I’ll begin at the conclusion: the masses are starting to lose respect for storytelling. And the reason is that those in control of traditional media haven’t cared about it for some time.
Now, I’m going to rewind for a sec. Before I was writing novels, I wrote marketing copy. I’ve been a marketing consultant or executive in some capacity for almost 20 years now. In that time, I noticed that there was a common phenomenon among entrepreneurs and small business owners.
Many, many of them have no respect for marketing.
The think it’s something anyone can do — if they even think about it at all. They don’t realize (or accept) that marketing professionals spend years studying very specific skills and concepts. That we have to learn certain tools and platforms inside out. That we must understand consumer behavior, brand development, and other things that you can’t just pull out of your ass. Many of us — myself included — are multi-disciplinaries that have also trained in graphic design, video editing, and writing.
For whatever reason, a vast number of people don’t care about any of that. They think that marketing is just something you decide to do one day (or don’t) and then you snap your fingers and it’s done. Almost as if quality doesn’t matter in any way…you just have to “put yourself out there”.
Now the epiphany I had today is that this is exactly what we’re seeing when it comes to storytelling. One of my recent clues that got me thinking about it was the jobs board on indiedb.com, a site for independent game developers. All up and down the list I found dozens of requests for coders, modelers, and artists. But the section for writers? Completely empty.
Because everyone thinks they can write.
That’s not surprising, because writing, in a purely practical sense, just means putting words down. You can think you can write far more easily than you think you can code C++ or make pixel art. Things like programming games and rendering 3D models produce very rapid feedback about your skill, but writing…
Writing is subject to the Dunning-Kruger effect like nobody’s business.
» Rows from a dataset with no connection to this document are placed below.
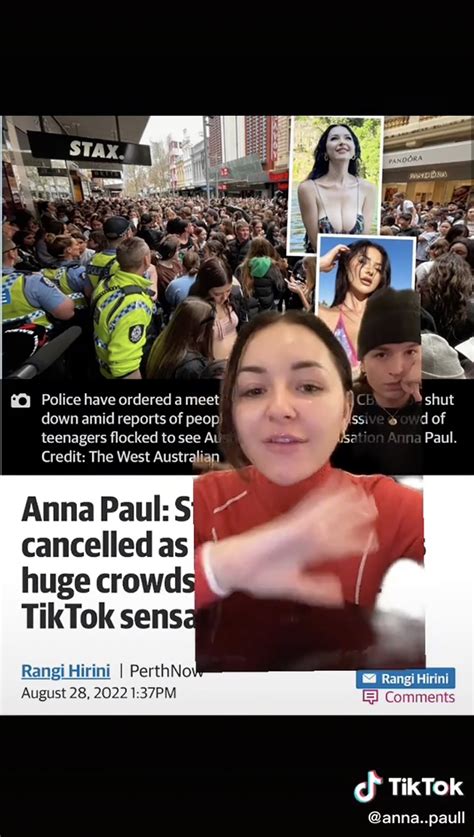 Anna Paul breaks silence over event mayhem on TikTok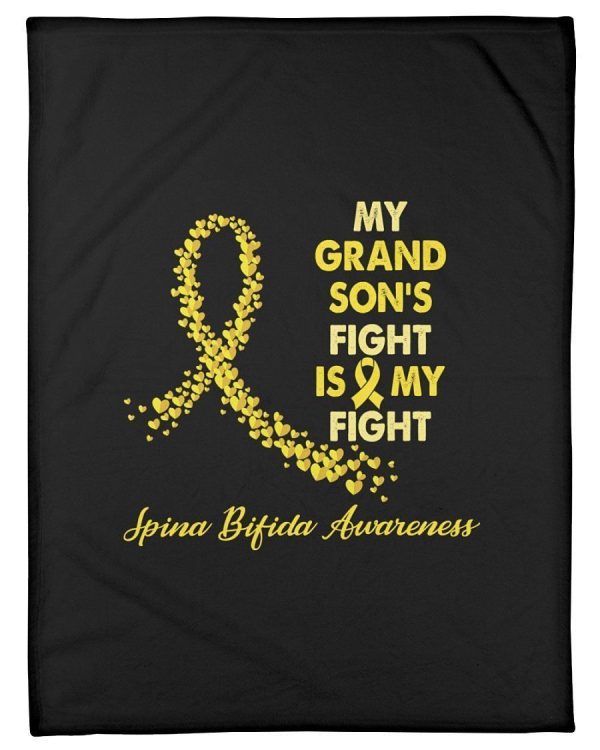 My Grandson’s Fight Is My Fight Spina Bifida Awareness Blanket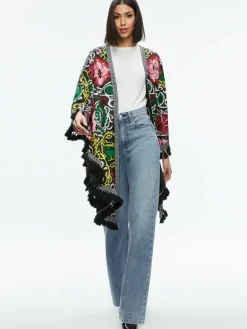 Women Alice and Olivia Nadine Embellished Shawl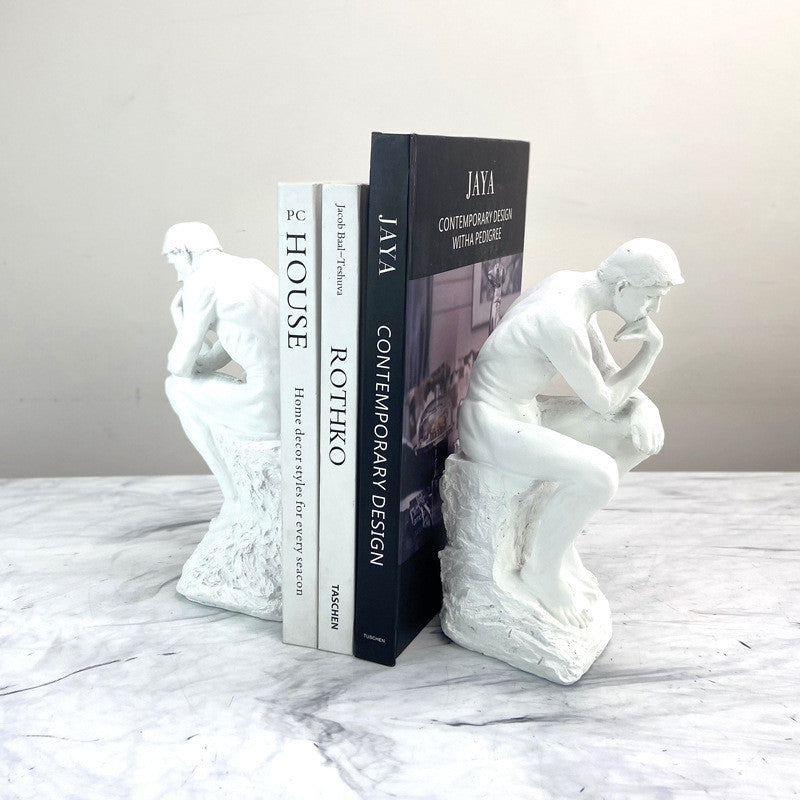TYP-232 - Thinker Bookend Ornament – Home, Office, and Study Desk Decor image 1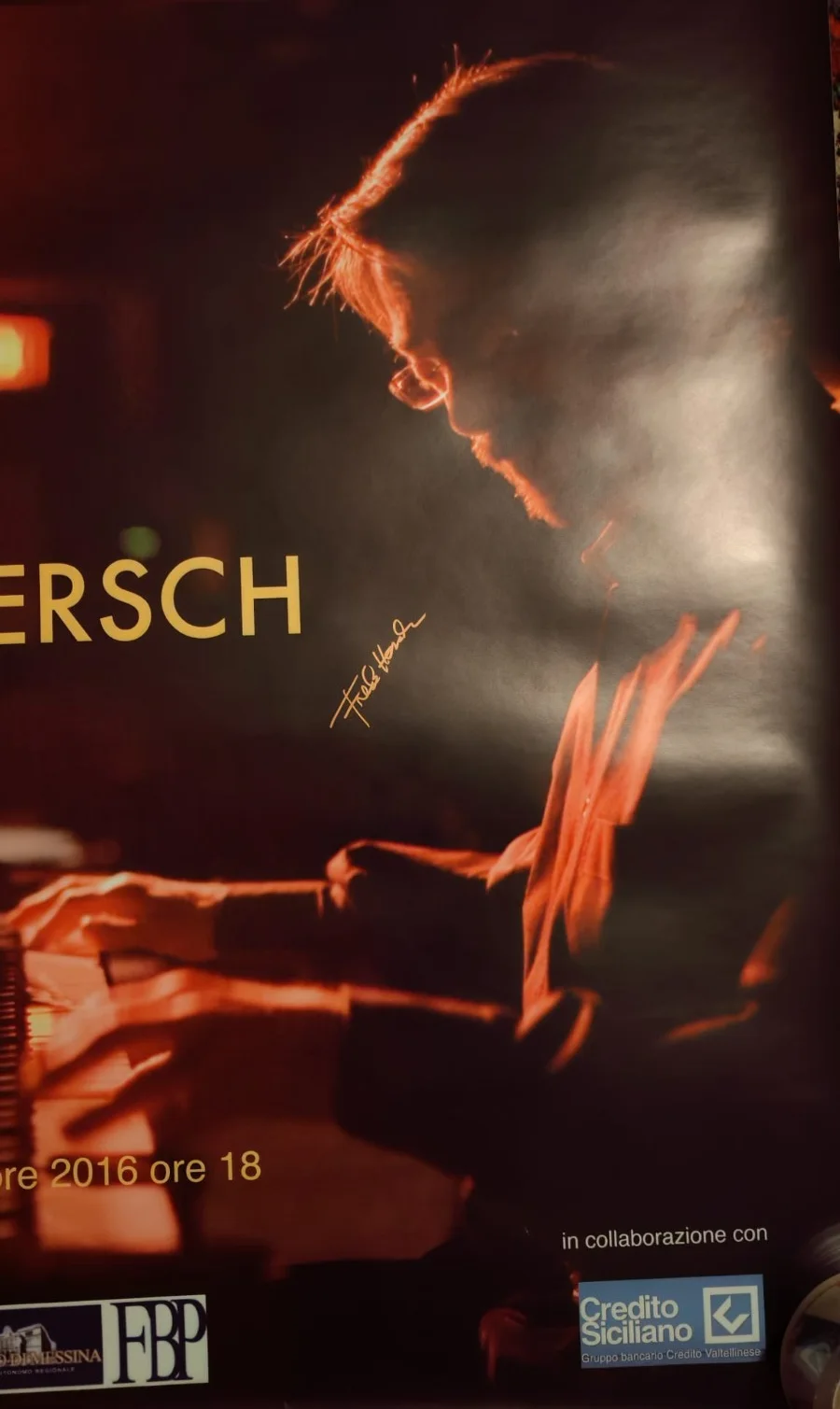 fred hersch piano solo SIGNED poster ecm if you like jarrett evans, image 2
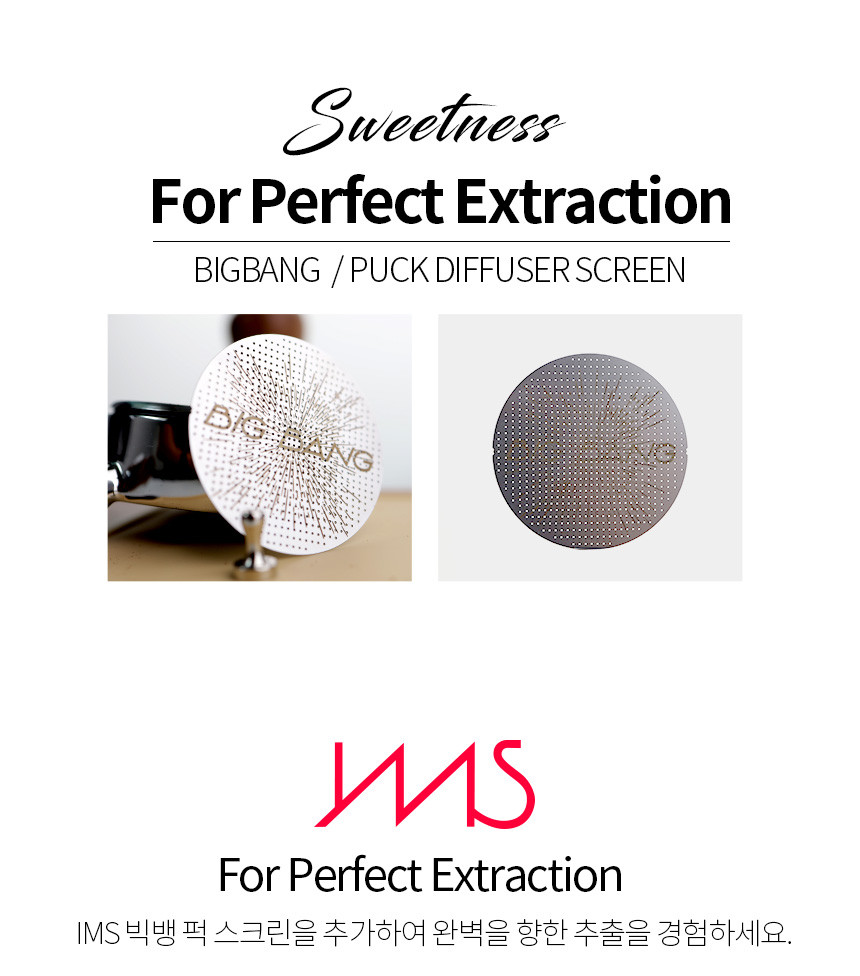 브레빌 IMS 빅뱅 디퓨져 채널링 방지 퍽스크린 필터 54mm DS53.5BB BES 876 870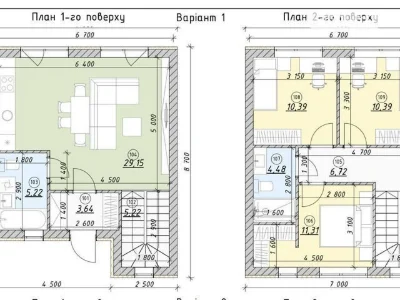 Продаж 3 поверхового таунхауса з ділянкою на 1 сотку, 145 кв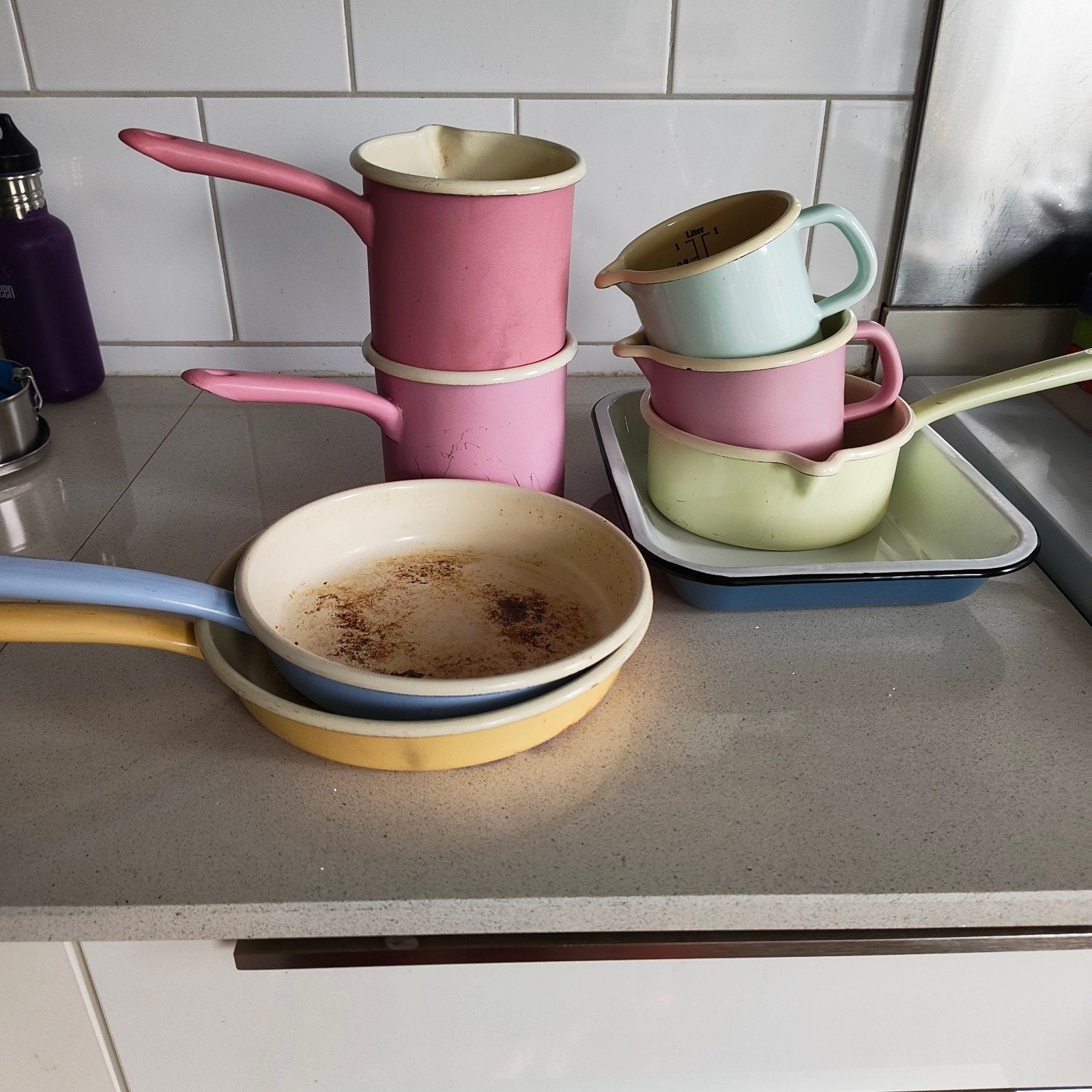 Riess pannen, koekenpan, Ophalen, Gebruikt, Rvs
A vast majority of people think they can write a good story because they know so little about how to write a good story. They see words on the page and think “well, that did it!” and have no internal mechanism for determining whether they’ve written something worth reading (or watching or playing).
For the record, this is the exact phenomenon I witnessed in the world of marketing. Because it’s easy to send emails, post to social, or throw together a website, everyone thinks they can “do marketing”. They don’t know what they don’t know.
That’s just how it is. I’m not bagging on anyone in particular for being part of a such a widespread cognitive sinkhole. Hell, I’m sure that despite researching the science in my sci-fi novels, I have blind spots that would make an actual physicist tear their hair out.
But see, I’m not writing up blueprints for FTL space travel. I’m writing stories. And my concern is making sure that my stories are good. I’ve spent the thousands of hours improving so that I can make sure I’m putting out something of quality.
Because I’m a writer. It’s a specific job. Not something that you pass off to your nephew or “get around to” when you’re finished with the important parts of the project.
But mass entertainment seems to have forgotten this. Hollywood and streaming especially, but also game studios and tradpub houses. They’re no longer looking for writers. They’re looking for activists who think they’re writers. They’ve turned their back on the fact that writing is a skill and some people are better at it than others. They’ve somehow trapped themselves in a kind of “storytelling equality” lie that’s ruining entertainment.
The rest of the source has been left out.